Barrier Groups (Masks)

Any set of processors can be a barrier group
A group can be represented by a bit mask
Concept of arbitrary masks came from H. Dietz and T. Schwederski at Purdue in 1987 as outgrowth of PASM SIMD enable logic
Runtime partitioning method was not specified

Theoretical Barrier Work At Purdue

1987: Basic Concepts of barrier MIMD
Compiler technology based on VLIW scheduling
1990: SBM using a "barrier processor" and mask queue
DBM using a "barrier processor" and associative mask memory
Compiler technology based on timing analysis
1993: Improved DBM design with runtime partitioning support

Experimental Barrier Work At Purdue

1987: PASM implements SBM
1987: CARP (Compiler-oriented Architecture Research at Purdue)
Machine design: barrier MIMD using custom VLSI
1993: CARDBoard (Compiler-oriented Architecture Research Demonstration Board)
System design: DBM using RISC microprocessors in a custom board
1994: PAPERS (Purdue's Adapter for Parallel Execution and Rapid Synchronization)
Cluster design: DBM using PCs and an external adapter
PAPERS0 implements improved DBM

Original Concept Of CARD Barrier Hardware

Initially, intended to be an SBM
Simple global AND hardware
Extended load processor interface (like PASM)

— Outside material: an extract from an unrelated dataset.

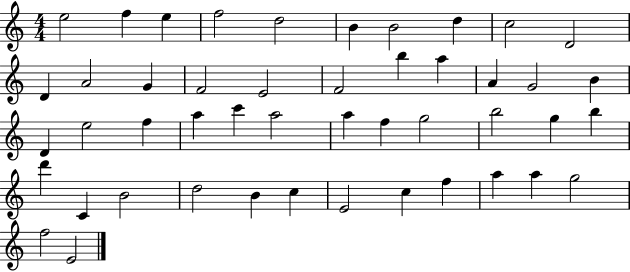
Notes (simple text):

E5/h F5/q E5/q F5/h D5/h B4/q B4/h D5/q C5/h D4/h D4/q A4/h G4/q F4/h E4/h F4/h B5/q A5/q A4/q G4/h B4/q D4/q E5/h F5/q A5/q C6/q A5/h A5/q F5/q G5/h B5/h G5/q B5/q D6/q C4/q B4/h D5/h B4/q C5/q E4/h C5/q F5/q A5/q A5/q G5/h F5/h E4/h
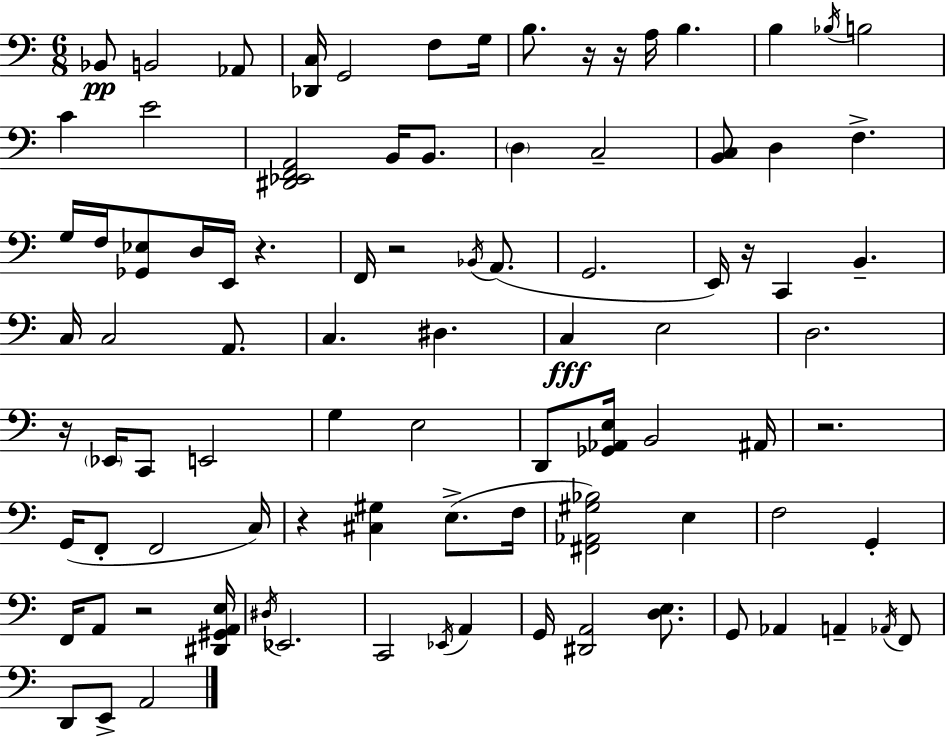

Load address is decoded as barrier request
Load does not complete (logic inserts memory wait states) until all processors are present

Basic CARD DBM Design

Implement "distributed" DBM hardware
Replicate OR-AND trees for each processor
Uses barrier masks stored locally by each processor
Extended load interface, but some address bits are decoded as the barrier mask

Image3 not displayable as text. ( 9K .ps.Z )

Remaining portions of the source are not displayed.